O yürüyüşü çok kez izledim. O an vermiş olduğu karar Asya'yı hangi adama götürmekteydi hiç bilemedim. Belki de tüm sezgileriyle anlamaya çalışıyordu kadın duygularını.

Asya, onu beklemekte olan iki adama doğru yürürken, yine Cemşit öylece bekliyordu. Artistik bir hamleyle ardına bakmadan gitmiyordu, ben sana bunca emek verdim bana geleceksin diye bir halden ötekine bürünmüyordu, sessizliğini, vakurluğunu ve sevdiği kadını ve oğlunu kaybetme riskini göze alarak - yani aslında varını yoğunu, her şeyini kaybetme riskini göze alarak - kadınının seçimine saygı duyarcasına bekliyordu. Olduğu gibi. Ama dağ gibi de duruyordu, buradayım gel dercesine.

İlyas da bekliyordu. Ama ıslak bakışları ile hala aynı çocuklukta ve hala aynı avarelikte ki haliyle. Beni seçmeyeceksin de kimi seçeceksin, bunca yıl ayrı kaldığımız yetmedi mi, bize bunu niye yapıyorsun gibi, hayatı, geçen zamanı ve onları ayrı bıraktığı için kadını suçlayarak duruyordu.

Asya yürüyordu, ömrünün en uzun yolunu olabilecek en kısa zamanda katediyordu. Kim bilir ne çok şey düşünüyordu... Kim bilir ne çok acı çekiyordu. Yürek ile beyin arasında kalmak işte öyle bir yorgunluk yaratıyordu insanın üzerinde. Omzunlarından basan, ayaklarından geri geri çeken bir kadın postürü...

Asya tek değildi artık, Asya anneydi... Düşünmesi gereken kendinden çok önemli bir varlık vardı hayatta, oğlu...

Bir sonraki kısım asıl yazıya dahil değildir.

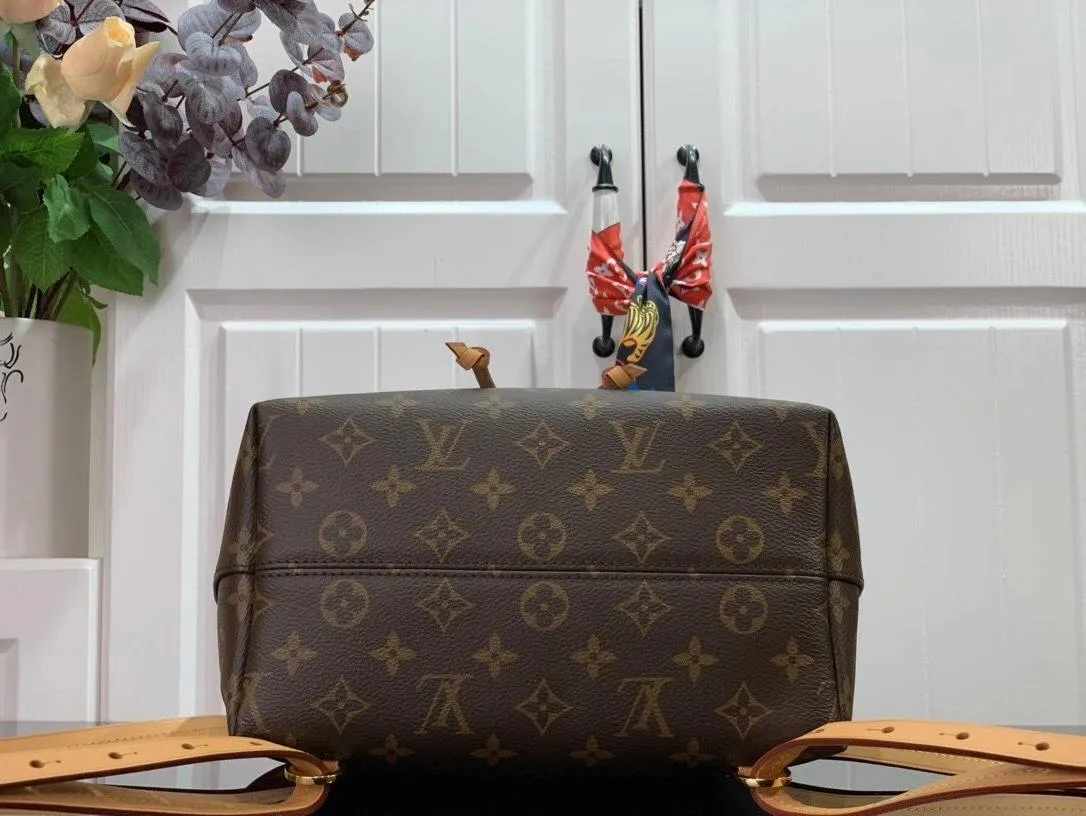 Louis Vuitton Montsouris Backpack Beige / - Image 6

Asya belki de tam o anda, Samet'in seslenişiyle veriyordu kararını Cemşit'e doğru.
Ama Cemşit hala Asya'yı alıp kaçırırcasına oradan uzaklaştırmak adına her hangi bir şey yapmıyordu. Oğlu babasını seçmişti beklenildiği gibi ama ya karısı. Canı, cananı onu seçecek miydi ? Kadını özgür bırakıyordu aslında Cemşit. Sadece durarak. Başka hiç bir söz etmeden, hiç bir hareketle kadını incitmeden. Oğlu ona koşarken bir kaç küçük adım atmıştı aşkın hüküm sürdüğü yere. Ama biliyordu oraya giriş izninin olmadığını. Oraya attığı her adımda sevdiği kadını, yol arkadaşını kaybedeceğini biliyordu. Duruyordu Cemşit. Güveniyordu yüreğine, Asya'sının yüreğine. Onun anneliğini, kocasına duyduğu saygıyı biliyordu. Saygının olmadığı bir yerde sevginin olamayacağını biliyordu ve belki de sırf bu yüzden duruyordu, öylece. Kararı özgür iradesiyle almasını sağlıyordu Asya'nın. Sonuçta bir seçim yapıyordu kadını ve geri dönüşü yoktu hayatın, olmayacaktı...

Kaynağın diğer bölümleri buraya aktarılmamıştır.